# An Extension of the AM-GM Inequality: A second look

Elsewhere I proved by induction starting with the Arithmetic Mean - Geometric Mean inequality for two terms an inequality equivalent to the following - a slightly more general - one:

For positive $a,x_{1}, x_{2}, \ldots\ , x_{n}$, such that $x_{1}+x_{2}+\ldots +x_{n}=a$,

$x_{1}x_{2} + x_{2}x_{3} + x_{3}x_{4} + \ldots + x_{n-1}x_{n} \le \frac{a^2}{4}.$

Here I offer a lovely, insightful proof that does not refer to the AM-GM inequality at all; it is rather based on a well known property of parabola.

### Lemma

For any $a, x$,

$x(a - x) \le \frac{a^{2}}{4}.$

### Proof

Parabola $f(x)=x(a-x)$ has two roots $x=0$ and $x=a$; midway between the two, $x=\frac{a}{2}$ serves as its axis of symmetry. This is where the function attends its maximum: $f(x)\le f(\frac{a}{2}) = \frac{a^2}{4}$.

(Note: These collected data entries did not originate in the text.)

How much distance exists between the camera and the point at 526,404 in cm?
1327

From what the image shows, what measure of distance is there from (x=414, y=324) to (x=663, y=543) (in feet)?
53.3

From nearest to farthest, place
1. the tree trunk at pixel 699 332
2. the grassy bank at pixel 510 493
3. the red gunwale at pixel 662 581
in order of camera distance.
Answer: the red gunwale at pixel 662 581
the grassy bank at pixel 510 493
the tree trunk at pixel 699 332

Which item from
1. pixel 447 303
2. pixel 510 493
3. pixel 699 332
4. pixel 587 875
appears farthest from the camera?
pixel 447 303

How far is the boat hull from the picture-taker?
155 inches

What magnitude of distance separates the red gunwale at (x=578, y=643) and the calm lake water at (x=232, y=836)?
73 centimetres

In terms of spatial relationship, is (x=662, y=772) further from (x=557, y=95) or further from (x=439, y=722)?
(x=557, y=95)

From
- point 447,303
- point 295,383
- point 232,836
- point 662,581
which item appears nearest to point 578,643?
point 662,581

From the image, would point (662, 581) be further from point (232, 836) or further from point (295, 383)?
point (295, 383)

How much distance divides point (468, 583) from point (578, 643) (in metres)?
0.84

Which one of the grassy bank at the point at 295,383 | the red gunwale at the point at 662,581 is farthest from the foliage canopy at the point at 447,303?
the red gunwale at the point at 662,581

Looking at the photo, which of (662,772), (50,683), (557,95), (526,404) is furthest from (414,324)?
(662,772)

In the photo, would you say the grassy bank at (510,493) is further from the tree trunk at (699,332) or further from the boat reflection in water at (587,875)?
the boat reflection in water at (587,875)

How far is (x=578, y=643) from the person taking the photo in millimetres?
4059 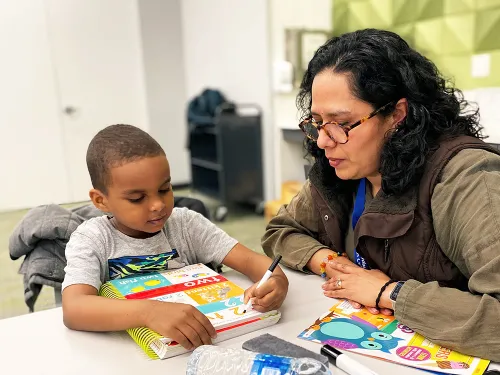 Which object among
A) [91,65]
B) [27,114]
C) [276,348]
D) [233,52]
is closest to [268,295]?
[276,348]

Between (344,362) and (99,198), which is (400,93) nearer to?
(344,362)

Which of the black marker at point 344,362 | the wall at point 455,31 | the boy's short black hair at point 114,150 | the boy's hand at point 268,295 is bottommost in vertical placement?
the black marker at point 344,362

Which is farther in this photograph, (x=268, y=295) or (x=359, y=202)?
(x=359, y=202)

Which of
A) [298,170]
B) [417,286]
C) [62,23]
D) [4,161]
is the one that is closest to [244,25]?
[298,170]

The proof of the proposition is based on a clever observation that the terms in the sum at hand are each a product of two factors: one with an odd, the other en even index. Define

$x=x_{1}+x_{3}+x_{5}+\ldots$.

(The sum contains all the odd indices not exceeding n.) Then

$a-x=x_{2}+x_{4}+x_{6}+\ldots$.

Now, it is obvious that

$x(a-x)\ge x_{1}x_{2} + x_{2}x_{3} + x_{3}x_{4} + \ldots + x_{n-1}x_{n}$

simply because the left-hand side contains all the terms on the right and many more.